Responding to reports of protesters engaging in looting and vandalism, some hardline members of Duque’s ruling Centro Democrático party have promoted unsubstantiated rumors that the protests have been infiltrated by leftist guerillas and criminal syndicates and pushed Duque to declare a “state of siege”—a declaration that would imbue the president with extensive new powers to put down demonstrations. In a Twitter post that was removed from the social media platform for “glorifying violence,” former president and senator Álvaro Uribe, Duque’s political mentor, vowed “to support the right of soldiers and police to use their firearms to defend their integrity and to defend people and property from criminal acts of terrorist vandalism.”
 
This week’s protests represent the third wave of nationwide social unrest that Duque has faced since assuming office in 2018. In 2019, protests erupted following the killing of teenage protester Dilan Cruz, who died after being struck in the head by a police projectile; last September, demonstrations broke out after a Bogotá man died while being tasered by police.

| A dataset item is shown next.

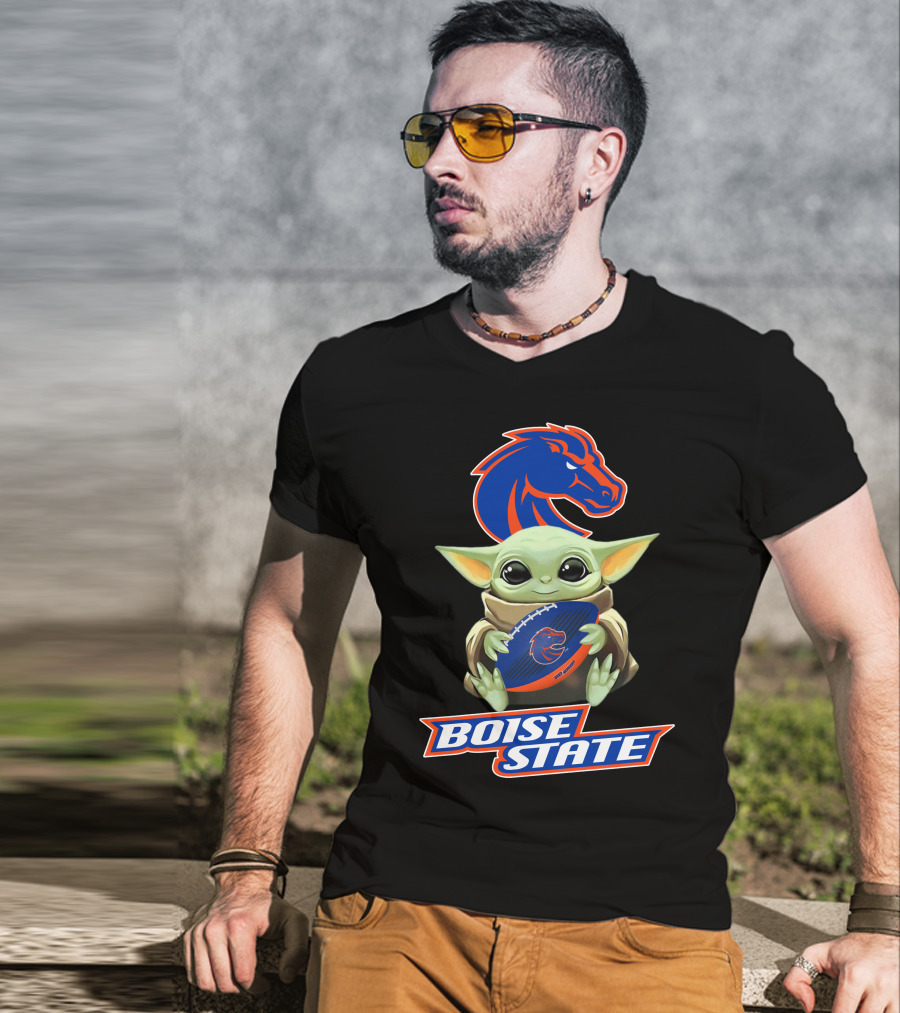 Boise State Broncos Baby Yoda Holding Football T-Shirt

Nevertheless, despite such precedents for the flames of social discontent in Colombia being fanned by inordinate police responses, government officials continue to accuse demonstrators of doing the bidding of leftist insurgents, hearkening back to the paramilitary conflict that plagued the country for a half-century. As Pedro Piedrahita, a professor of political science at the University of Medellín explains, “The government is continuing to criminalize social protest and stigmatize them as being infiltrated by guerrilleros. Colombia’s public security organisms are still operating under the anachronistic doctrines of anti-communism, of an internal enemy, and as such protesters aren’t seen as citizens but as legitimate military targets that need to be taken out—no matter what.”
 
On Tuesday, President Duque announced his support for convening a national dialogue, promising to bring together “all the institutions, parties, the private sector, governors, mayors and leaders of civil society” in order to find common-ground solutions to the multiple crises of unemployment, inequality, and economic stagnation. Nevertheless, such a promise does not necessarily ensure a quick resolution to the unrest, nor a guarantee of future tranquility: less than two years ago, following the wave of protests that roiled Colombia in November of 2019, Duque convened a similar “Conversación Nacional,” a months-long initiative that pledged to target inequality and corruption and create a new “shared vision of the country.”